►

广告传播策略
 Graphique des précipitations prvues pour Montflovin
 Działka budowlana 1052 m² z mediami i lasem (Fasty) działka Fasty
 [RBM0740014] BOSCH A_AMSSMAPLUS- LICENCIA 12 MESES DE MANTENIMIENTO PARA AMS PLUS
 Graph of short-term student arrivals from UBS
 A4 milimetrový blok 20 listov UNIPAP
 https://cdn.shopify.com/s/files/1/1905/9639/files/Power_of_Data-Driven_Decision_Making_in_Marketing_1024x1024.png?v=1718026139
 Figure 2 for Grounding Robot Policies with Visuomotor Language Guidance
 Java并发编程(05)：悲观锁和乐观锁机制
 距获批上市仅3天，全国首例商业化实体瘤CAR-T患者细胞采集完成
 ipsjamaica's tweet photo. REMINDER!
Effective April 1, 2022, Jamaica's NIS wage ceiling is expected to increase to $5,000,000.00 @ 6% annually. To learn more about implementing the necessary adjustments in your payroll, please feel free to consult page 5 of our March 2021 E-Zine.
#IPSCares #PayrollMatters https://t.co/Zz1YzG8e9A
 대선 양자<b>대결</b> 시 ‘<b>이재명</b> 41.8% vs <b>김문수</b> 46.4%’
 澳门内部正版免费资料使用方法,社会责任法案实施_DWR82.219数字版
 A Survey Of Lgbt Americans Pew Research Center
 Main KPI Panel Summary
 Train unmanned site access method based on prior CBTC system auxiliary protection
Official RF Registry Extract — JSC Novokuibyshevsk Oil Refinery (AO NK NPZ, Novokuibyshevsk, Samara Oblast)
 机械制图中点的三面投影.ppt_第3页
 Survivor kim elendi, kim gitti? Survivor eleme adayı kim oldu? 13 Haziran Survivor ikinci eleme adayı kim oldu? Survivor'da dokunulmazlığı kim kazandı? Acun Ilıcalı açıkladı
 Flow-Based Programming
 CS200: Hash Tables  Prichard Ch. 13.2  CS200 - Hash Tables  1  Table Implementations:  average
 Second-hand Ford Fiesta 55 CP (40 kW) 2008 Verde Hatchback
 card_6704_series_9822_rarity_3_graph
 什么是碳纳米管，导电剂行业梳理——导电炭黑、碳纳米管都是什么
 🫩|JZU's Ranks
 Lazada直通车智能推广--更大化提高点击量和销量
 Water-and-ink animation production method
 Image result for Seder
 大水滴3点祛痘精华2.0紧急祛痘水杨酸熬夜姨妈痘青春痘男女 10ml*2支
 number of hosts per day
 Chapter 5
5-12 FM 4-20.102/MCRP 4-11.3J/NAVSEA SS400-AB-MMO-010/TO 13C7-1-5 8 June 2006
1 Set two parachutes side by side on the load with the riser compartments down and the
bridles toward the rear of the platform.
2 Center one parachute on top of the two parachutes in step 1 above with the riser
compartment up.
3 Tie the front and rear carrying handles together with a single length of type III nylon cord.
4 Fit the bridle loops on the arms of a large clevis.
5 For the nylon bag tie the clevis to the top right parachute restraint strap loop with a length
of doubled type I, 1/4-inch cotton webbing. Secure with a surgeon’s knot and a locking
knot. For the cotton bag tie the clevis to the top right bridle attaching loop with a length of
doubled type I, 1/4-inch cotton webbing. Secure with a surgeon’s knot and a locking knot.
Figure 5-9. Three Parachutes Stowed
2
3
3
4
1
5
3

◄

(Problem description):
I'd like an exact copy of the lines above, from the very first one through the line that contains "机械制图中点的三面投影.ppt_第3页", with nothing else added.

(Answer box):
广告传播策略
 Graphique des précipitations prvues pour Montflovin
 Działka budowlana 1052 m² z mediami i lasem (Fasty) działka Fasty
 [RBM0740014] BOSCH A_AMSSMAPLUS- LICENCIA 12 MESES DE MANTENIMIENTO PARA AMS PLUS
 Graph of short-term student arrivals from UBS
 A4 milimetrový blok 20 listov UNIPAP
 https://cdn.shopify.com/s/files/1/1905/9639/files/Power_of_Data-Driven_Decision_Making_in_Marketing_1024x1024.png?v=1718026139
 Figure 2 for Grounding Robot Policies with Visuomotor Language Guidance
 Java并发编程(05)：悲观锁和乐观锁机制
 距获批上市仅3天，全国首例商业化实体瘤CAR-T患者细胞采集完成
 ipsjamaica's tweet photo. REMINDER!
Effective April 1, 2022, Jamaica's NIS wage ceiling is expected to increase to $5,000,000.00 @ 6% annually. To learn more about implementing the necessary adjustments in your payroll, please feel free to consult page 5 of our March 2021 E-Zine.
#IPSCares #PayrollMatters https://t.co/Zz1YzG8e9A
 대선 양자<b>대결</b> 시 ‘<b>이재명</b> 41.8% vs <b>김문수</b> 46.4%’
 澳门内部正版免费资料使用方法,社会责任法案实施_DWR82.219数字版
 A Survey Of Lgbt Americans Pew Research Center
 Main KPI Panel Summary
 Train unmanned site access method based on prior CBTC system auxiliary protection
Official RF Registry Extract — JSC Novokuibyshevsk Oil Refinery (AO NK NPZ, Novokuibyshevsk, Samara Oblast)
 机械制图中点的三面投影.ppt_第3页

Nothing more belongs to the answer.